What the task requires -> Print the data exactly. Pictures stay out.
_ _ _ _ _
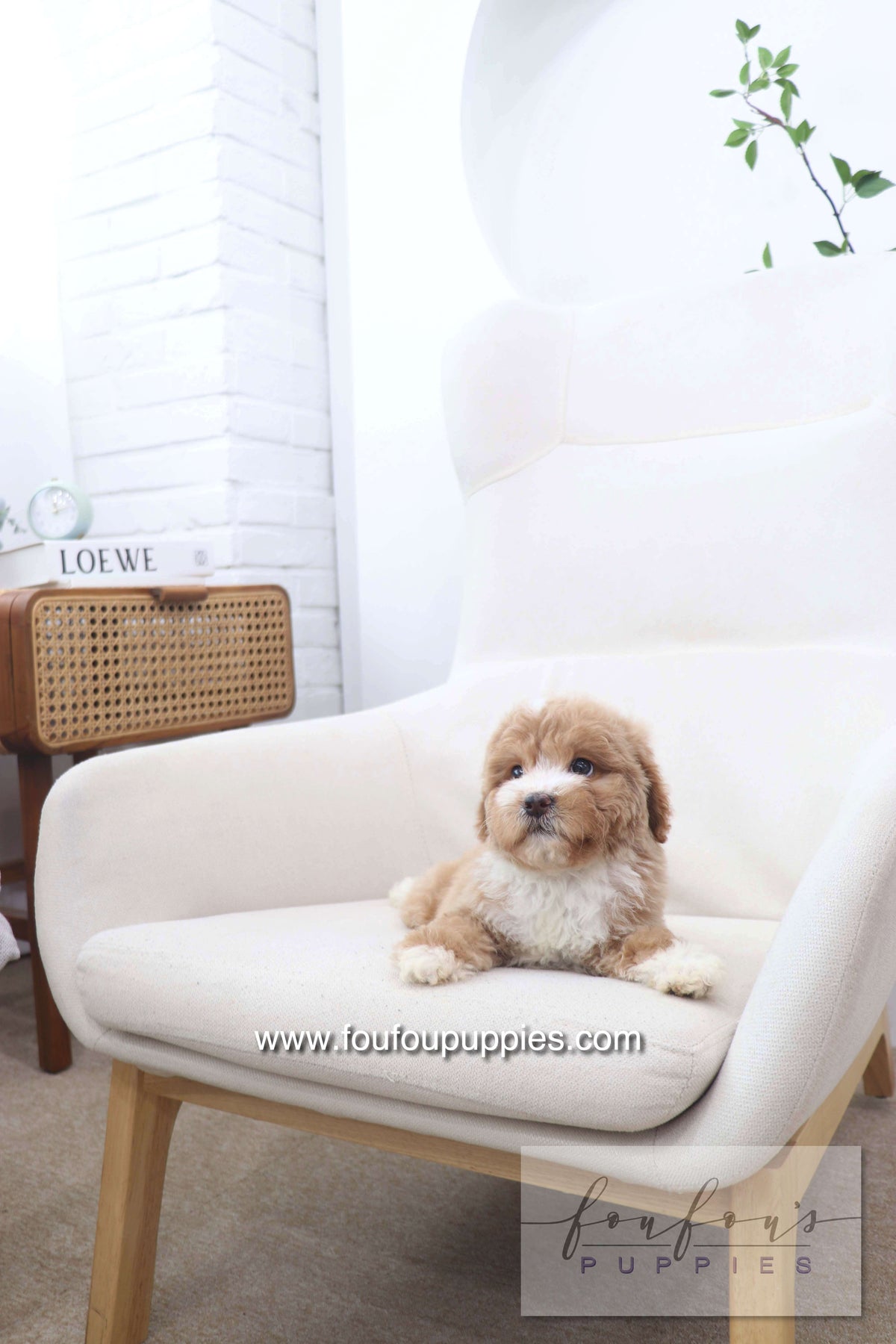 Peaches - Golden Doodle F.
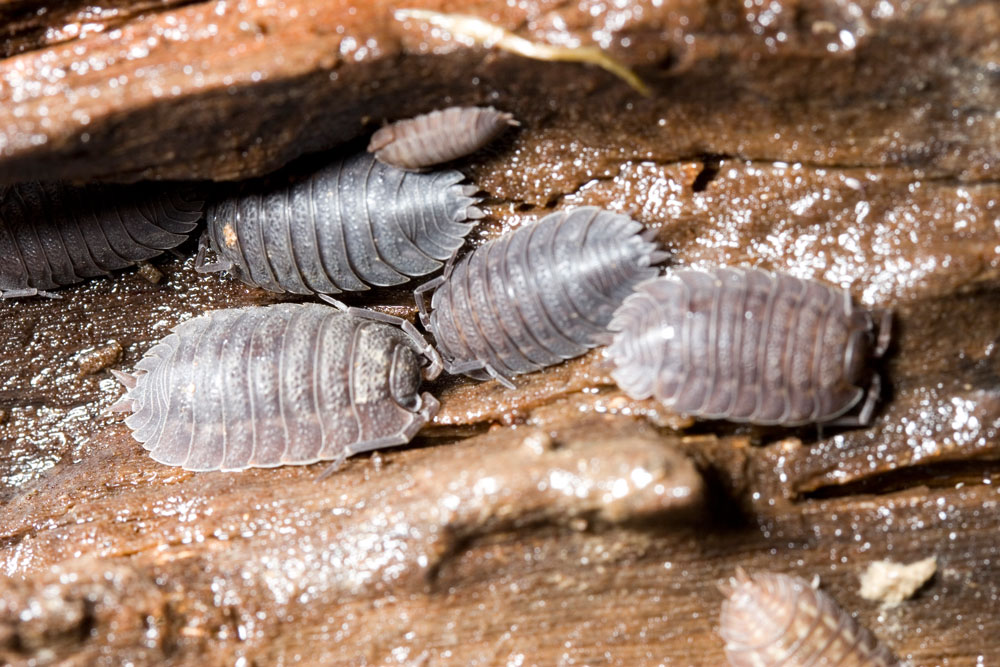 Sotto una corteccia Porcellio sp.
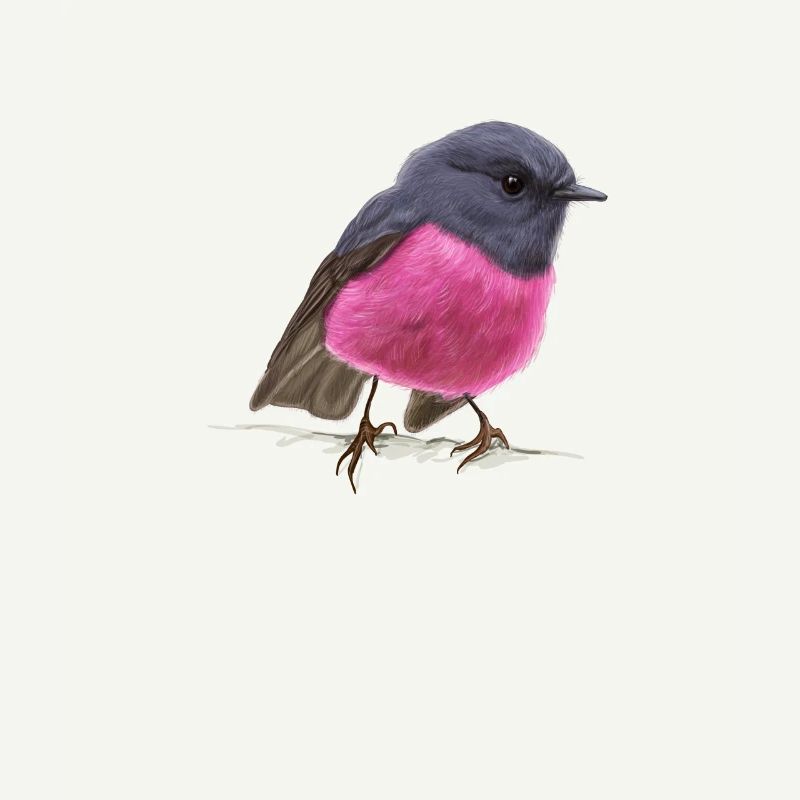 cool bird pink robin gift idea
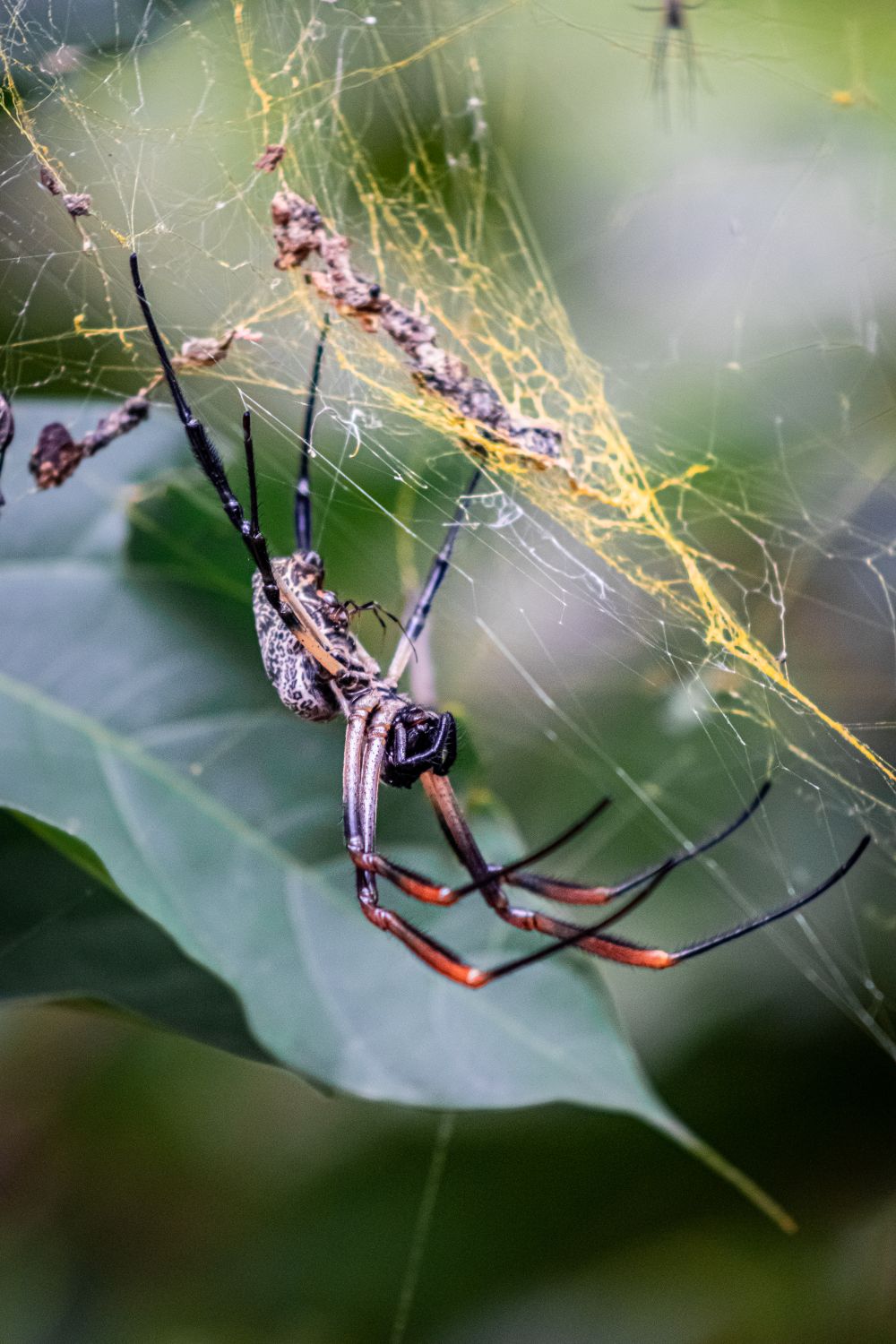 Golden Orb Weaver Spider In Its Web Outdoors Free Stock Photo Golden Orb Weaver Spider In Its Web Outdoors Free Stock Photo
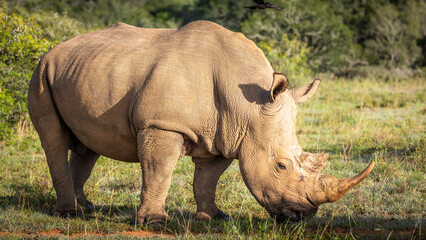 Fototapeta premium A female white rhinoceros (Ceratotherium simum), Shamwari Private Game Reserve, South Africa.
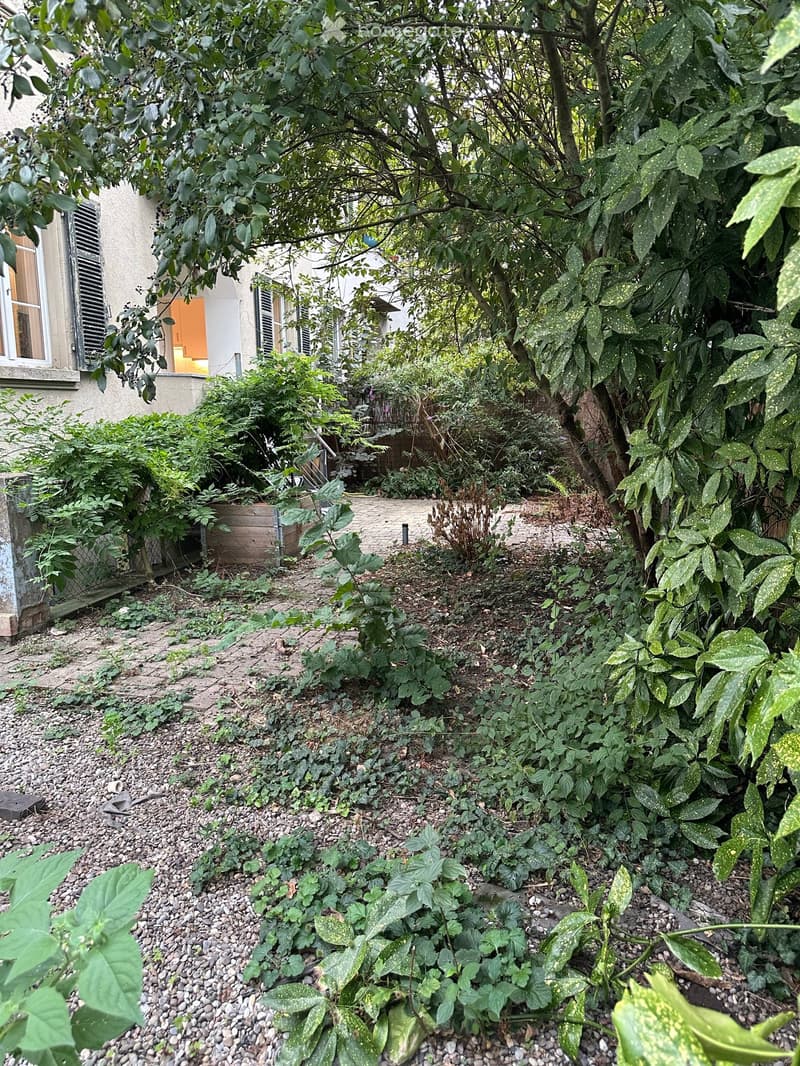 Garden area with various plants, trees, and a paved pathway, featuring a house with windows and shutters in the background.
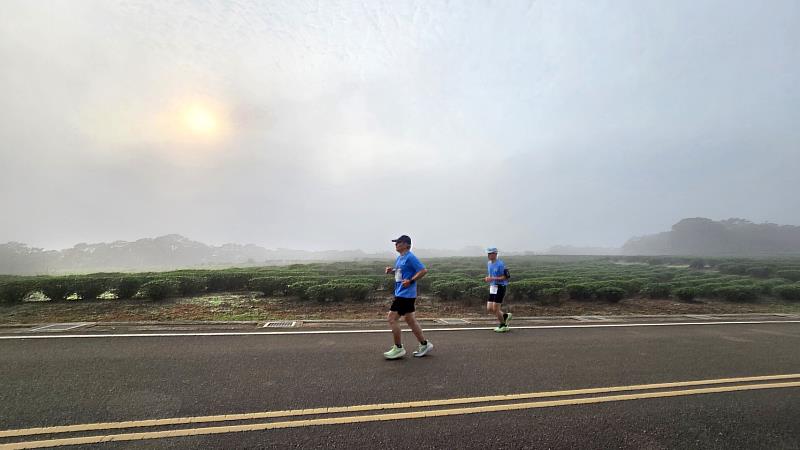 「行行尞尞走相逐」跑者感受客庄茶園文化地景。
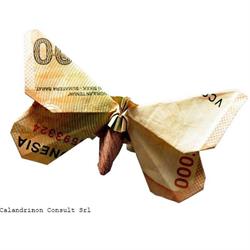 Calandrinon Consult, Oradea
_ _ _ _ _
Written reply ->
 Peaches - Golden Doodle F.
 Sotto una corteccia Porcellio sp.
 cool bird pink robin gift idea
 Golden Orb Weaver Spider In Its Web Outdoors Free Stock Photo Golden Orb Weaver Spider In Its Web Outdoors Free Stock Photo
 Fototapeta premium A female white rhinoceros (Ceratotherium simum), Shamwari Private Game Reserve, South Africa.
 Garden area with various plants, trees, and a paved pathway, featuring a house with windows and shutters in the background.
 「行行尞尞走相逐」跑者感受客庄茶園文化地景。
 Calandrinon Consult, Oradea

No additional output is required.